**What is expected:**
Please write out, exactly as given, the line that contains "Google Chrome浏览器下载完成后如何导入导出书签1" and all lines that follow it through the end of the listing, and nothing else.

>>>

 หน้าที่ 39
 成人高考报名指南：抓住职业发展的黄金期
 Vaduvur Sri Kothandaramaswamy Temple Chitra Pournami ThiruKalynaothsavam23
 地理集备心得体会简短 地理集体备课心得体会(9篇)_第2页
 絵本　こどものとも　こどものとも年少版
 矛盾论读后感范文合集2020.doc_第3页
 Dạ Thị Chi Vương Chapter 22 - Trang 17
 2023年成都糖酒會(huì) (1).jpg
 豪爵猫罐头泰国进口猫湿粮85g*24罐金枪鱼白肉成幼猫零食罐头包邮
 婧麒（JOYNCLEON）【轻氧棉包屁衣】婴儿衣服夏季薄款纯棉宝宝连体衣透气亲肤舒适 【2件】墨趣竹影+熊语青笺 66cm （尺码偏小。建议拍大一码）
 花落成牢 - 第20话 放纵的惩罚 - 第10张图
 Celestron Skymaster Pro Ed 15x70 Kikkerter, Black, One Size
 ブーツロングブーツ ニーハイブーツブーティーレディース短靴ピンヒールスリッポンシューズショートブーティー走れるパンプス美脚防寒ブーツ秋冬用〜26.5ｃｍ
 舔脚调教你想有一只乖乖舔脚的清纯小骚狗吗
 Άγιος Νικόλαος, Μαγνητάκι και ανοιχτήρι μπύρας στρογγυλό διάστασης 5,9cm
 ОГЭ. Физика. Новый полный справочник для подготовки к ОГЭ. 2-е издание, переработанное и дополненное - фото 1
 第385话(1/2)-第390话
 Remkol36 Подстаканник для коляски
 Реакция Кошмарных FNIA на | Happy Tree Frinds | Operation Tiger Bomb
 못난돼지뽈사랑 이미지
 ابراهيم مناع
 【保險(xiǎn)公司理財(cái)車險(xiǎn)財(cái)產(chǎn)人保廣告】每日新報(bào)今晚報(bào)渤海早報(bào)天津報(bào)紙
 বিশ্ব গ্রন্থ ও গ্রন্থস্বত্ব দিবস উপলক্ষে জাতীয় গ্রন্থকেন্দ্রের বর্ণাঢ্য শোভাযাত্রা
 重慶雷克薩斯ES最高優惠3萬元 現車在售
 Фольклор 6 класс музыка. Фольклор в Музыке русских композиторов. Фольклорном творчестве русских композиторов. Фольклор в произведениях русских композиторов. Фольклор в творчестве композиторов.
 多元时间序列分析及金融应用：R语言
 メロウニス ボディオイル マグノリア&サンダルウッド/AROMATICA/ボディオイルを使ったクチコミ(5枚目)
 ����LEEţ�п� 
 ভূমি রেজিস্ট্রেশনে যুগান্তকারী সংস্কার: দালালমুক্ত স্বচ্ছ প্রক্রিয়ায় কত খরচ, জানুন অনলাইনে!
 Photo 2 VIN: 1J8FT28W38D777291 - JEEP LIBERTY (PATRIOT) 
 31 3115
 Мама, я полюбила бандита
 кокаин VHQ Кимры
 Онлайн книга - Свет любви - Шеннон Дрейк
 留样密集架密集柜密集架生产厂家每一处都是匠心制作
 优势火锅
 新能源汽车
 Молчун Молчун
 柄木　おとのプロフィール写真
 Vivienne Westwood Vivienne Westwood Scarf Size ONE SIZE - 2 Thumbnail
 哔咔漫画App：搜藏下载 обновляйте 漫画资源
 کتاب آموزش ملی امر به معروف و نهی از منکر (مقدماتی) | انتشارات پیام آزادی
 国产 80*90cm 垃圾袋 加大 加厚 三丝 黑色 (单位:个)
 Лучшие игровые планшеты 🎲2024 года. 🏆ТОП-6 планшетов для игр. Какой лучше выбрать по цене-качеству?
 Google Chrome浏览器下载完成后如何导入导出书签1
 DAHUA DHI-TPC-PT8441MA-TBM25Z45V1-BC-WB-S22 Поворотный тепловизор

<<<

**Reply to the exercise:**
 Google Chrome浏览器下载完成后如何导入导出书签1
 DAHUA DHI-TPC-PT8441MA-TBM25Z45V1-BC-WB-S22 Поворотный тепловизор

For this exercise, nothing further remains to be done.